Nearby Café Home > Love & Lust > David Steinberg

Archives

A sample text widget

Etiam pulvinar consectetur dolor sed malesuada. Ut convallis euismod dolor nec pretium. Nunc ut tristique massa.

Nam sodales mi vitae dolor ullamcorper et vulputate enim accumsan. Morbi orci magna, tincidunt vitae molestie nec, molestie at mi. Nulla nulla lorem, suscipit in posuere in, interdum non magna.

Thinking About Natural Born Killers, or: We Have Seen the Enemy and S/He Is Us (Comes Naturally #26)

 

“The more you eat your shadow, the more energy you receive.”  — Robert Bly

 

Singing the Mickey and Mallory Blues

I went to see Natural Born Killers two days after it came out.  I went to see it because Jesse, who is 14 and adolescently fascinated with all explorations dark and proud was aching to see it and couldn’t get into the theatre without an adult companion.  I went to see it because I had a feeling, despite the pre-release publicity, that there was more to this film than a gratuitous smearing around of blood and guts.

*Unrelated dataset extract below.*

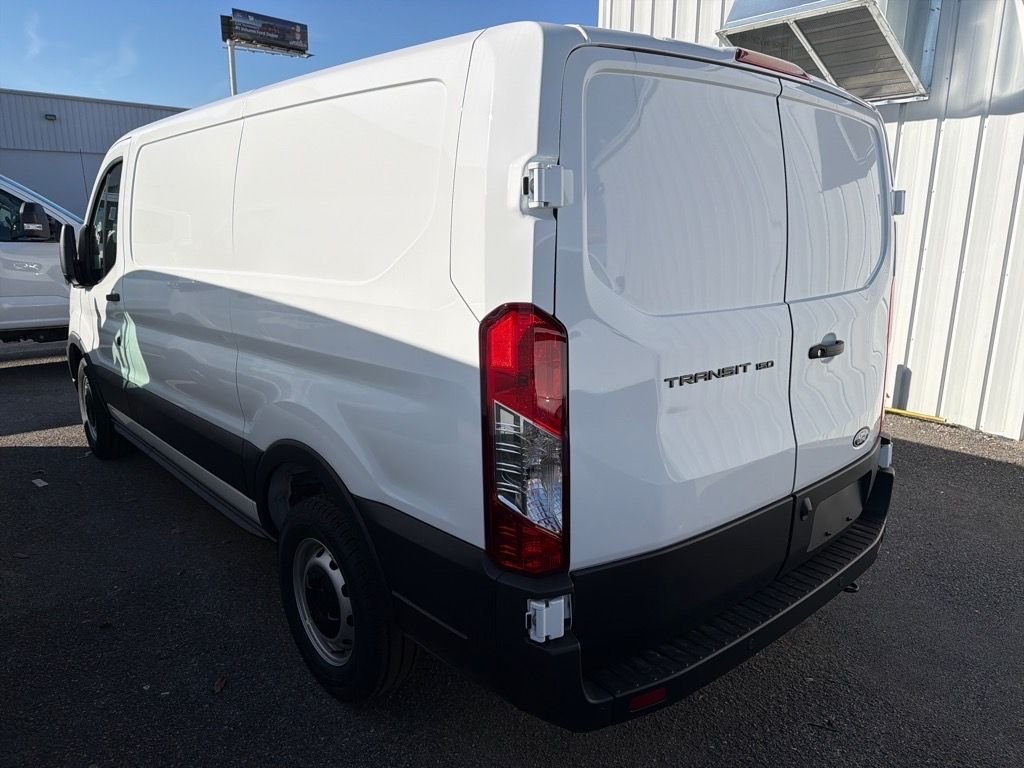 New 2026 Oxford White Ford Cargo Van image 5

I came out dazed, overwhelmed, and with the warm inner smile that comes from knowing that something has gotten said that’s important and that never gets talked about.  (The last time I had that feeling from a film was when I saw Fearless.)

Also, I felt a little uneasy in my warm good feeling.  First of all, it’s disconcerting to emerge from a film full of such overwhelming violence — so much violence that half the people I know swear that they will never go to see this film, not on your life! — feeling good.

Secondly, I’m not really an Oliver Stone fan.  Seems to me that he tends to be rather simplemindedly moralistic, dividing things between the obvious good guys and the bad guys of this world.  While I generally agree with his political points of view (and I was deeply moved by Platoon), I don’t have much respect for black-and-white, we-they politics any more.

So I was perplexed:  How could a self-righteous moralist like Stone create a complex, truly Sadeian, exploration of good and evil?

I went to see it again, and a third time.  No doubt about it:  This is a rich and complex film.   My only remaining question is whether Stone made such a darkly intelligent film intentionally, or whether it just came out that way despite himself.

* * * * *

A Brief Sadeian Manifesto

As may be implicitly clear from some of my columns — and as I stated explicitly once quite some time ago — I am (beneath this calm exterior) a devoted, dyed-in-the-wool, card carrying member of the Sadeian persuasion.  That means I believe there is a darkness in the human psyche that needs not only to be acknowledged but also to be truly celebrated.  It means that I believe the moralists — those who would divide the world into good and evil and preach endlessly about affirming guess which side and suppressing guess which other — are the real troublemakers, the real perverted souls, the people who truly spread pain and misery wherever their twisted thinking takes root.  It means that of all the things that piss me off, hypocrisy and moral arrogance are probably at the top of the list.  It means that making nice when you don’t feel nice makes me want to scream.  It means that a sense of honest reality is more fundamental to my sanity and to my feeling safe in the world than being able to maintain superficial comfort and calm.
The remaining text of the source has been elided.